Empower also provides a free Investment Checkup tool to assess your portfolio risk, analyze past performance, and get a target allocation for your portfolio. The tool will help you identify overweight and underweight sector investments (perhaps you have too much allocated to utilities, and not enough to healthcare, for example) and assess your diversification.
Other investing and personal finance tools include Empower’s Savings Planner, Retirement Planner, Financial Calculators, and more.
8. Adjust Your Savings Rate as Needed to Hit Your Goals
Maybe you’ve discovered that you’re not saving enough to meet your current goals. Or maybe your goals have shifted and require you to put more money away. Either way, saving isn’t static—throughout your life, you’ll need to adjust your savings rate.

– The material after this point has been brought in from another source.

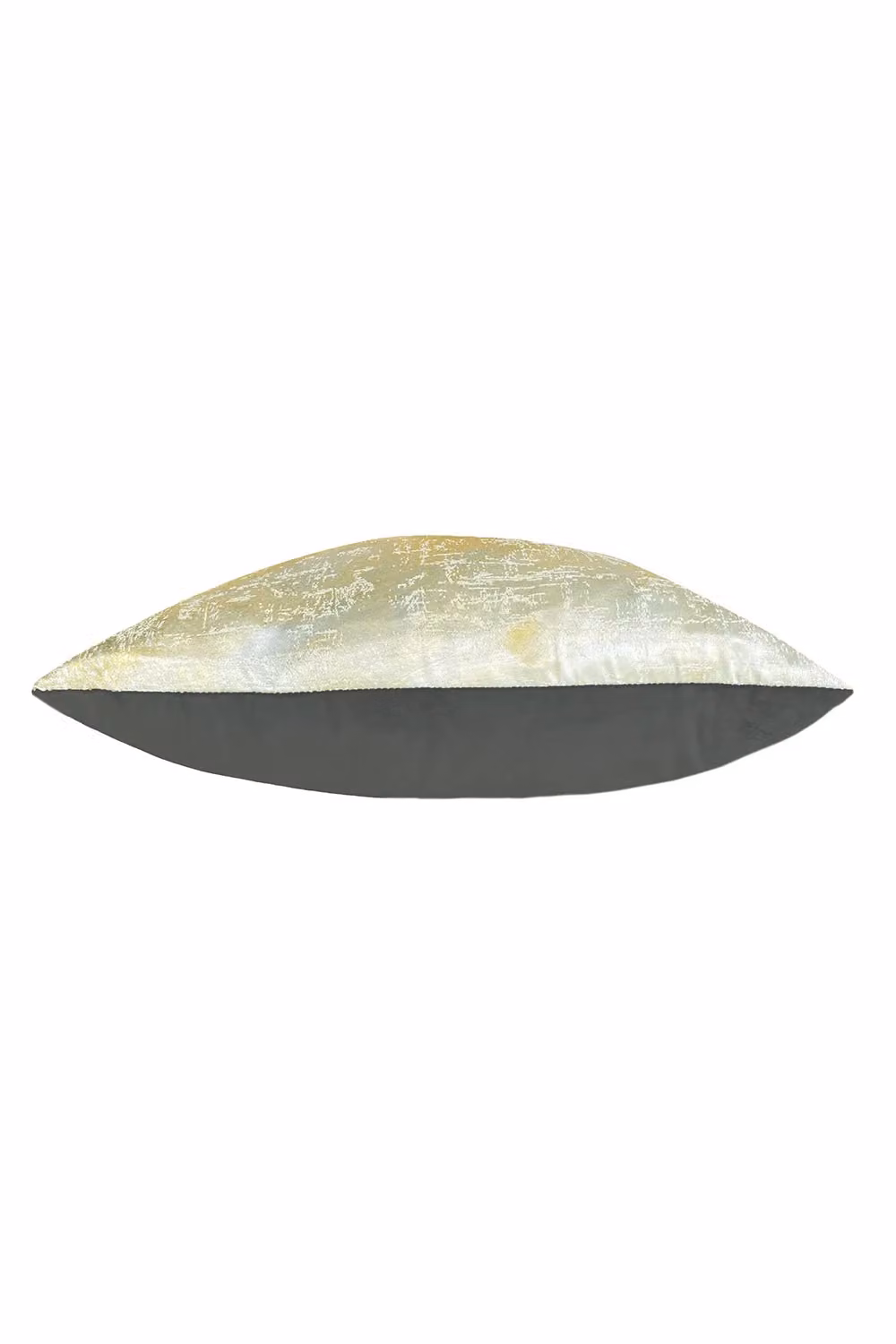 Evans Lichfield Grey Velvet Landscape Abstract Printed Square Cushion, W/D/H: 43 x 43 x 43 cm – 2
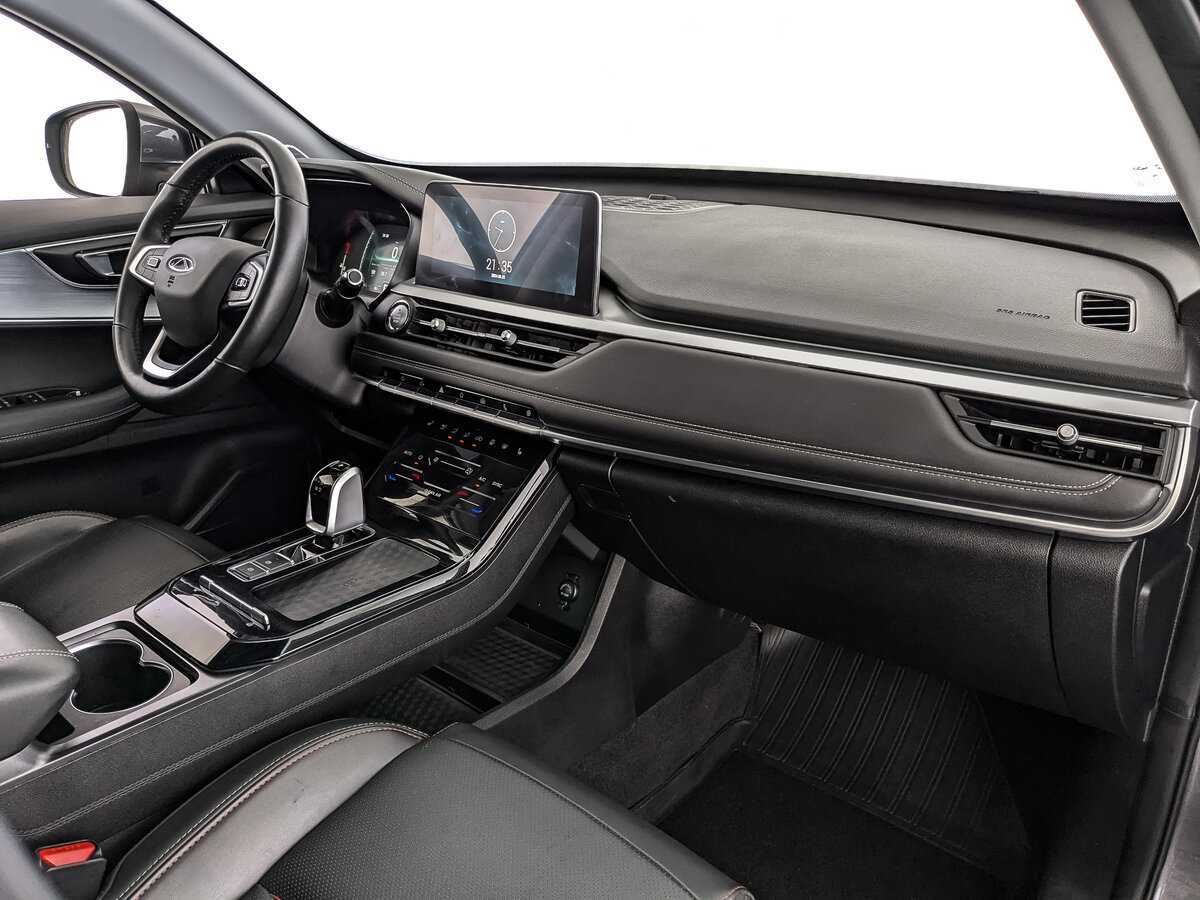 Чери Тигго 7 Про б/у, 2022, Вариатор. Фото: #8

Here’s a common for-instance: You set a savings goal for a house down payment and give yourself five years to hit that goal. When you’re close to the end of those five years, you discover that home prices have gone up and are now much more on average. You need to make a decision—start putting a lot more away immediately, or push back your savings timetable.
By the way, sometimes there are welcome reasons to change your savings plan. Let’s say you receive a big raise at work—you might find you now have more financial room to save, and you’re able to speed up your savings timetable.
What Are the Benefits of Creating an Automatic Savings Plan?
The primary benefit of creating an automatic savings plan is pretty straightforward: It can help you save more money, which puts you in a better financial situation. It also saves you time—you don’t have to manually transfer money every month.
But you shouldn’t ignore the mental benefits of automatic savings, either. Money that never enters your checking account is money you don’t miss as much. You’ll also worry less about whether you’re saving enough, or about not having a concrete plan in place.
In short: The benefits are more money, more time, and less stress.
Is There An App That Automatically Saves Money?
Yes, several apps can automatically save you money. Specifically, microsavings apps are an increasingly popular way to save money.
Microsavings apps provide a wide range of services that help you automate (and even accelerate) your savings. This includes:
- Round-ups (Rounding up purchases and putting the excess cash into savings)
- Automatically setting aside money into separate savings accounts
- Earning you high yields/interest rates
- Cash-back rewards
- Helping you create a budget
As you can see, the most common threads among microsavings apps is making saving easier, and helping you save every time you spend.
Can You Set Up Automatic Transfers From Checking to Savings?
Yes. It’s usually simple to set up transfers from a checking account to a savings account. Simply log into your financial institution’s online portal, navigate to where you typically make transfers, and see if they have recurring transfers in addition to the normal one-time transfer option. If they do, choose the dollar amount and frequency. And remember: You can stop automatic transfers at any time.
Should I Use Automatic Savings?
Automatic savings plans are a smart idea for most people. As long as you can afford to set money aside in a savings account or other savings-specific “bucket,” and you’re realistic about how much you can save, an automatic savings plan is likely a good fit for you.
Even just automating a small part of your savings, whether it be through direct deposit, transfers, or an app, can create a positive savings habit.
Where Should I Keep My Savings?
All of your savings don’t need to be held in a traditional savings account. While a savings account will earn you interest, it’s still much less than you could be earning elsewhere. There are several savings account alternatives that might be a better fit for your money.
High-yield savings accounts, money market accounts, Treasuries, and certificates of deposit (CDs) are all examples of other safe financial vehicles that can earn you more money than a standard savings account. When choosing where to store your savings, consider interest rates, liquidity, your risk tolerance, and whether your money would be insured.